Arrêt du 23 juin 2015  
 
IIe Cour de droit social  
 
Composition 
Mmes et M. les Juges fédéraux Glanzmann, Présidente, Parrino et Moser-Szeless. 
Greffière : Mme Flury. 
 
Participants à la procédure 
Office de l'assurance-invalidité du canton de Genève, Rue des Gares 12, 1201 Genève, 
recourant, 
 
contre  
 
A.________, représenté par Me Thierry Sticher, avocat, 
intimé. 
 
Objet 
Assurance-invalidité (mesure de réadaptation d'ordre professionnel), 
 
recours contre le jugement de la Cour de justice de 
la République et canton de Genève, Chambre des assurances sociales, du 2 mars 2015. 
 
 
Faits :  
 
A.   
A.________, né en 1959, travaillait en qualité de magasinier. Alléguant souffrir d'atteintes aux mains et aux pieds ainsi que d'un oedème généralisé, il a déposé une demande de prestations auprès de l'Office de l'assurance-invalidité du canton de Genève (ci-après: l'office AI) le 3 juillet 2012. 
Se fondant sur l'ensemble des éléments médicaux recueillis, l'office AI a nié le droit de l'assuré à une rente d'invalidité au motif que ce dernier disposait d'une pleine capacité de travail dans une activité adaptée. Il a également rejeté la demande en tant qu'elle portait sur des mesures d'ordre professionnel dès lors que l'intéressé présentait un taux d'invalidité de 10 %, insuffisant pour y donner droit. L'évaluation de l'invalidité se fondait sur un revenu sans invalidité de 62'217 fr., tiré de données statistiques (décision du 17 mars 2014). 
 
B.   
A.________ a recouru contre cette décision auprès de la Cour de justice de la République et canton de Genève, Chambre des assurances sociales, concluant préalablement à la mise en oeuvre d'une expertise ainsi que d'une mesure d'observation professionnelle et principalement à l'octroi d'une rente entière ou, subsidiairement, de mesures de reclassement. L'office AI a conclu au rejet du recours. Il retenait toutefois désormais un taux d'invalidité de 11,25 %. Au terme d'un second échange d'écritures, les parties ont maintenu leurs conclusions respectives (déterminations des 30 juillet et 11 août 2014). 
Par jugement du 2 mars 2015, la juridiction cantonale a partiellement admis le recours, annulé la décision litigieuse et renvoyé le dossier à l'office AI pour nouvelle décision au sens des considérants.
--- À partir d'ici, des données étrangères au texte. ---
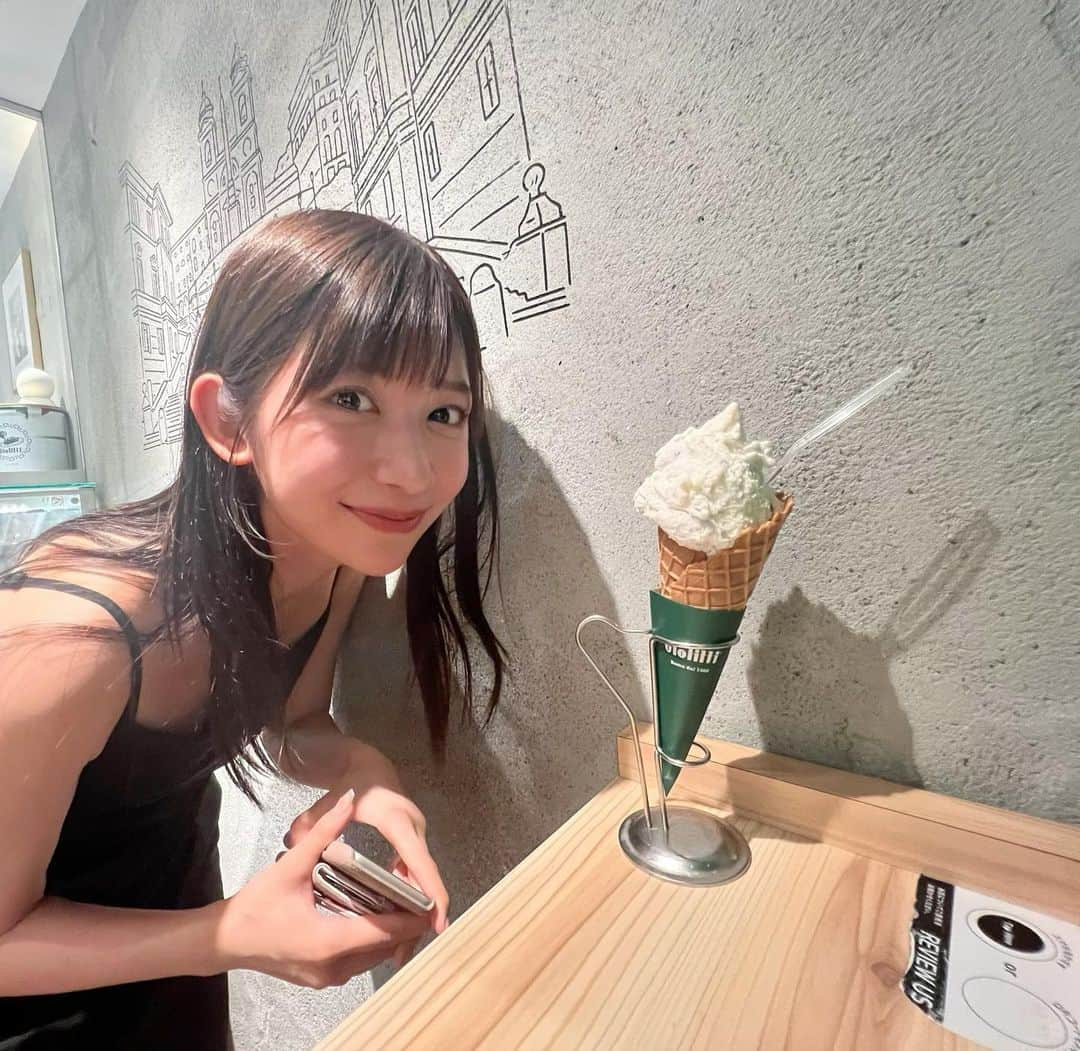 荒木沙織のインスタグラム：「🍨」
Elle a arrêté le taux d'invalidité à 22,11 % et par conséquent constaté qu'une rente ne pouvait être allouée, mais qu'une mesure de reclassement pouvait être justifiée. Le calcul du degré d'invalidité reposait sur le dernier salaire effectivement perçu par l'intéressé dans son emploi de magasinier auprès de B.________, à V.________. 
 
C.   
L'administration interjette un recours en matière de droit public contre ce jugement dont elle requiert l'annulation, concluant à la confirmation de sa décision du 17 mars 2014 dans son résultat, avec les modifications telles qu'elles figurent dans sa réponse au recours. 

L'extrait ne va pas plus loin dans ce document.